DATA below:

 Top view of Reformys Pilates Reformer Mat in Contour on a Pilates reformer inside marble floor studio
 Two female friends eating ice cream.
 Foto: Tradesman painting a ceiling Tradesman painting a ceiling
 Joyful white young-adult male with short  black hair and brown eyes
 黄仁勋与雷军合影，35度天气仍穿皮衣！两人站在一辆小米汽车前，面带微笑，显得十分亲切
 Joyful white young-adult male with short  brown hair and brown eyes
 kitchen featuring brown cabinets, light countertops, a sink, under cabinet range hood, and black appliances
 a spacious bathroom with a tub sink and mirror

End of DATA.
DATA below:

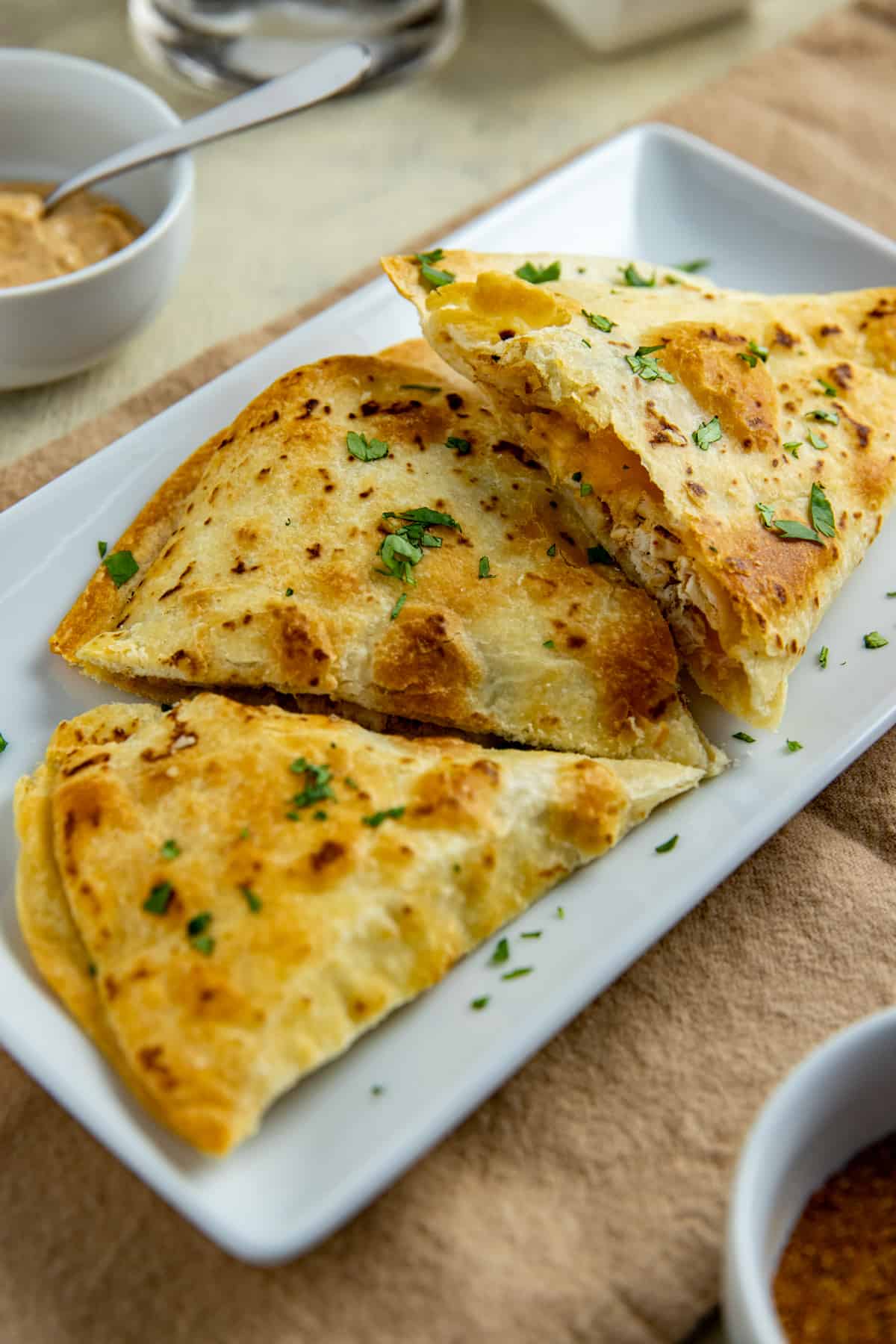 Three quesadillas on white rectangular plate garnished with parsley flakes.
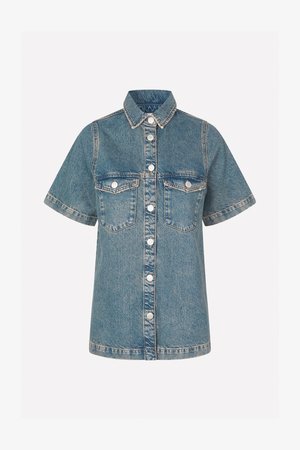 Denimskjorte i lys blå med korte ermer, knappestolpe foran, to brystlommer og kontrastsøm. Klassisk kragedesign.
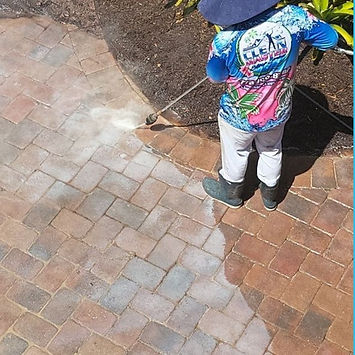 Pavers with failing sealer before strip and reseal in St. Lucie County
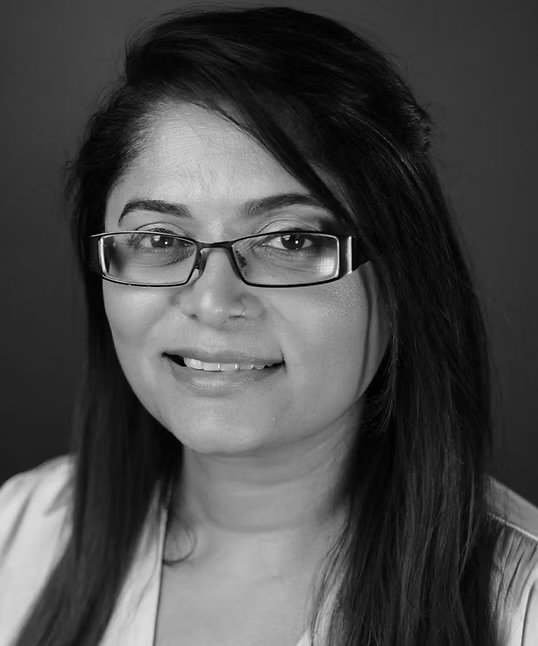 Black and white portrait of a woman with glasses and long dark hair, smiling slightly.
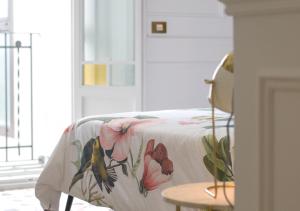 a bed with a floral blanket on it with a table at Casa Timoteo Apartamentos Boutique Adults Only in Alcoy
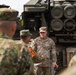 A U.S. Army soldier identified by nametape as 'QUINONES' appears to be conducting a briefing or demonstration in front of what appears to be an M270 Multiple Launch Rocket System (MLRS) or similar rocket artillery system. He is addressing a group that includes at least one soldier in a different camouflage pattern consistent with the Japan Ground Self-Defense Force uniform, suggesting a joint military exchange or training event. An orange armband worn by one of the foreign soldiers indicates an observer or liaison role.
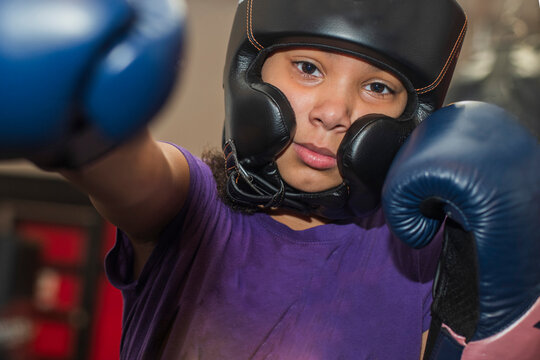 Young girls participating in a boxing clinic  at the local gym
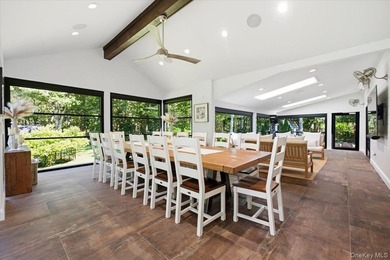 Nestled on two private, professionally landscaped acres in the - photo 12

End of DATA.
DATA below:

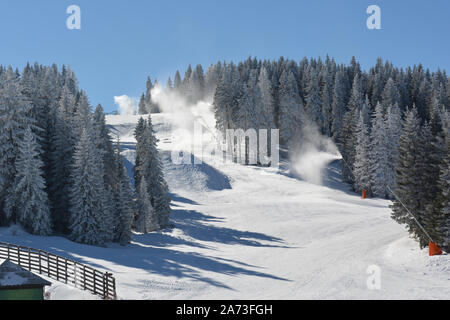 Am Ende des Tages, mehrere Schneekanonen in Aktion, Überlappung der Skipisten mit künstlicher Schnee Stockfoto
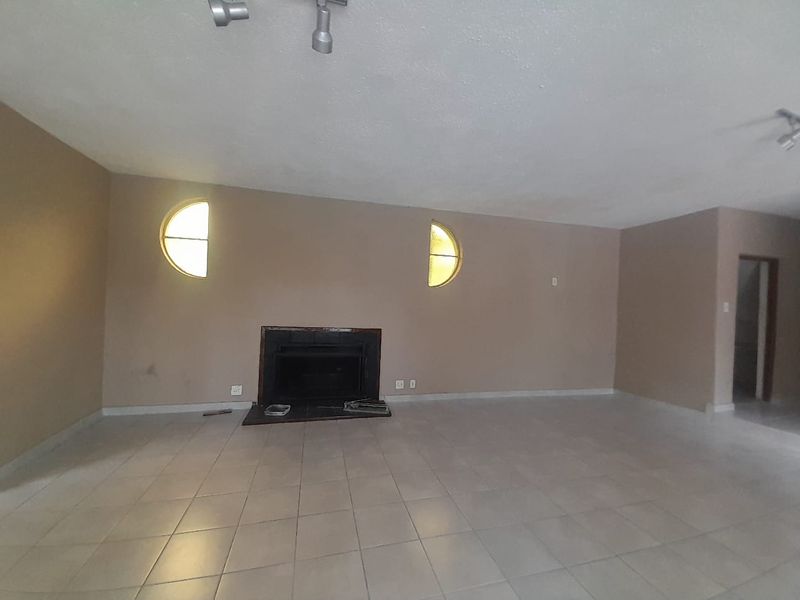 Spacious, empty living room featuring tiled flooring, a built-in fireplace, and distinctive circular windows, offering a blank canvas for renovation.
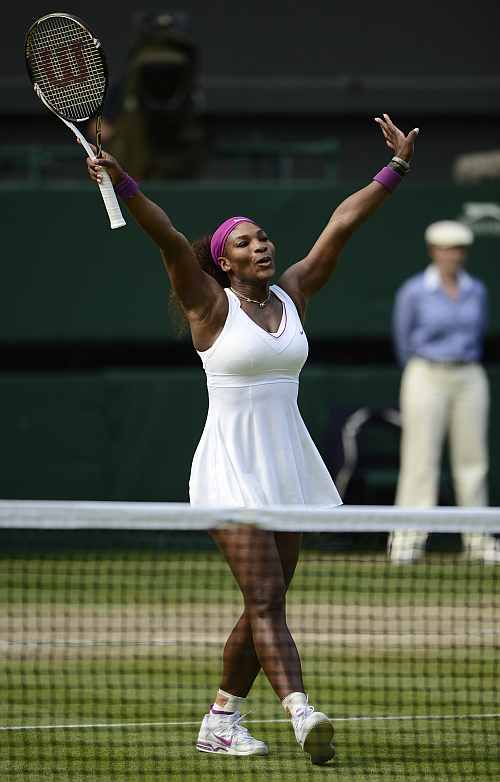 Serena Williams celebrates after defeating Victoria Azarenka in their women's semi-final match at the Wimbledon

End of DATA.

WHAT THE TASK ASKS ->
As listed above, the lines from the line with "黄仁勋与雷军合影，35度天气" to the line with "a spacious bathroom" are to be echoed exactly, with both ends included and nothing added.

SOLUTION BELOW ->
 黄仁勋与雷军合影，35度天气仍穿皮衣！两人站在一辆小米汽车前，面带微笑，显得十分亲切
 Joyful white young-adult male with short  brown hair and brown eyes
 kitchen featuring brown cabinets, light countertops, a sink, under cabinet range hood, and black appliances
 a spacious bathroom with a tub sink and mirror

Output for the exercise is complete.